Data extract
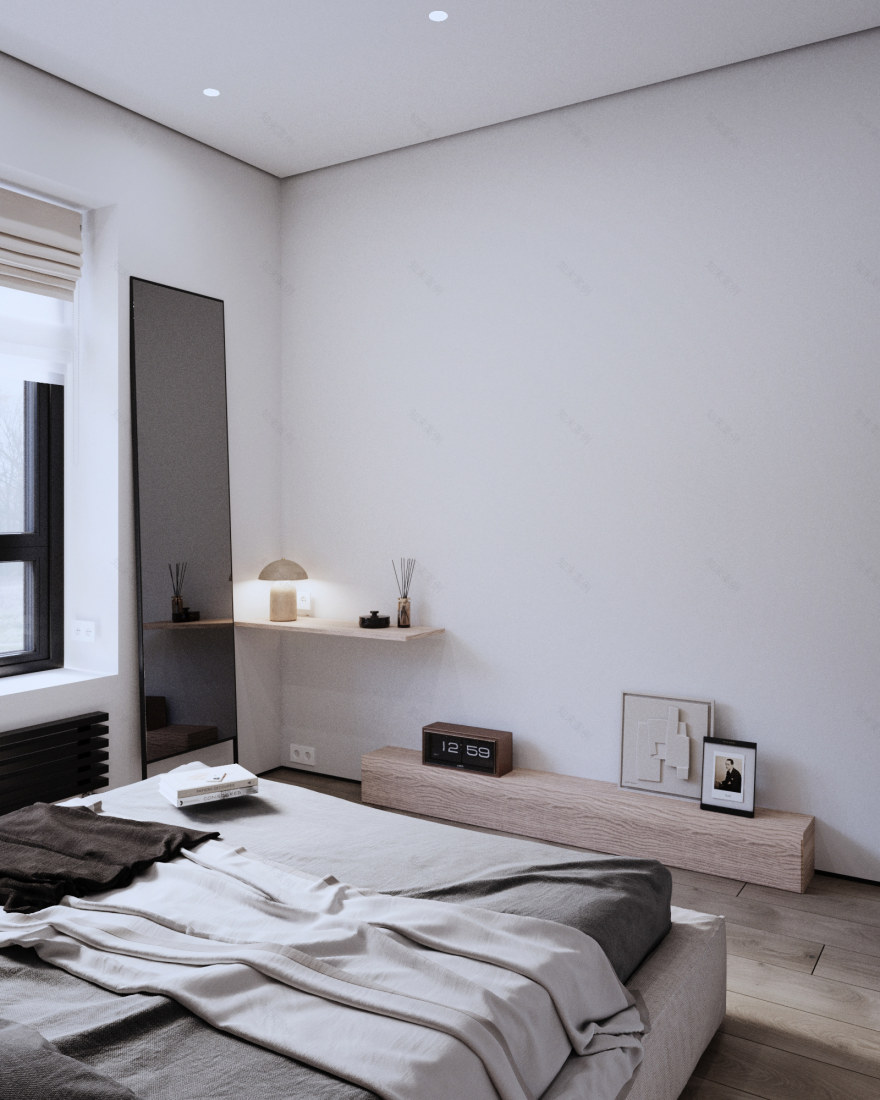 Seliger City 公寓室内设计丨俄罗斯莫斯科丨Alena Kokueva-13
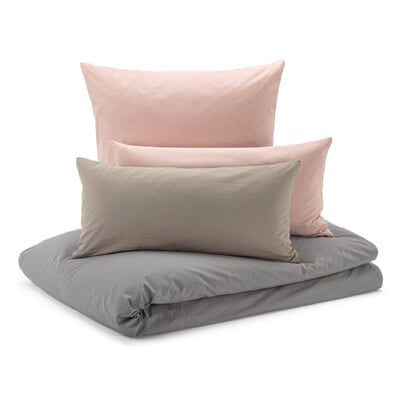 Duvet Cover Cotton Grey 135 200 Cm, Pink Duvet Cover Ikea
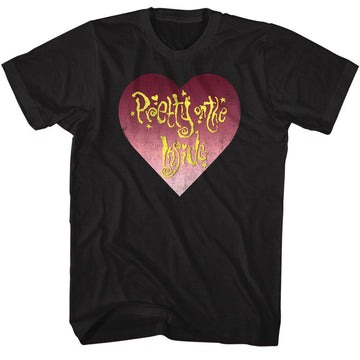 Hole-Pretty On Inside-Black Adult S/S T-Shirt - Black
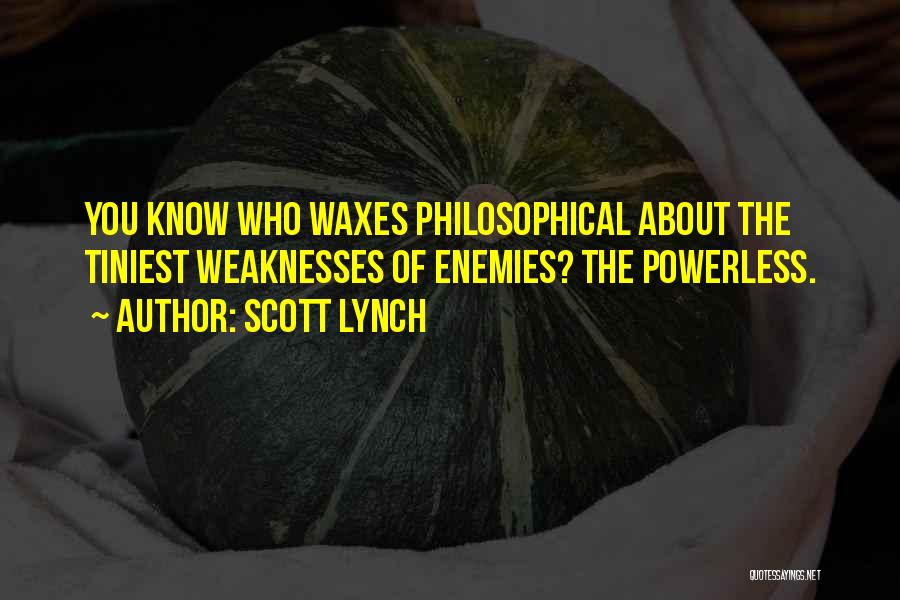 Powerless Quotes By Scott Lynch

Task description
Please reproduce verbatim the lines from the line with "Duvet Cover Cotton" through the final line of the listing, inclusive of both ends. Omit all pictures.

Answer to this problem
 Duvet Cover Cotton Grey 135 200 Cm, Pink Duvet Cover Ikea
 Hole-Pretty On Inside-Black Adult S/S T-Shirt - Black
 Powerless Quotes By Scott Lynch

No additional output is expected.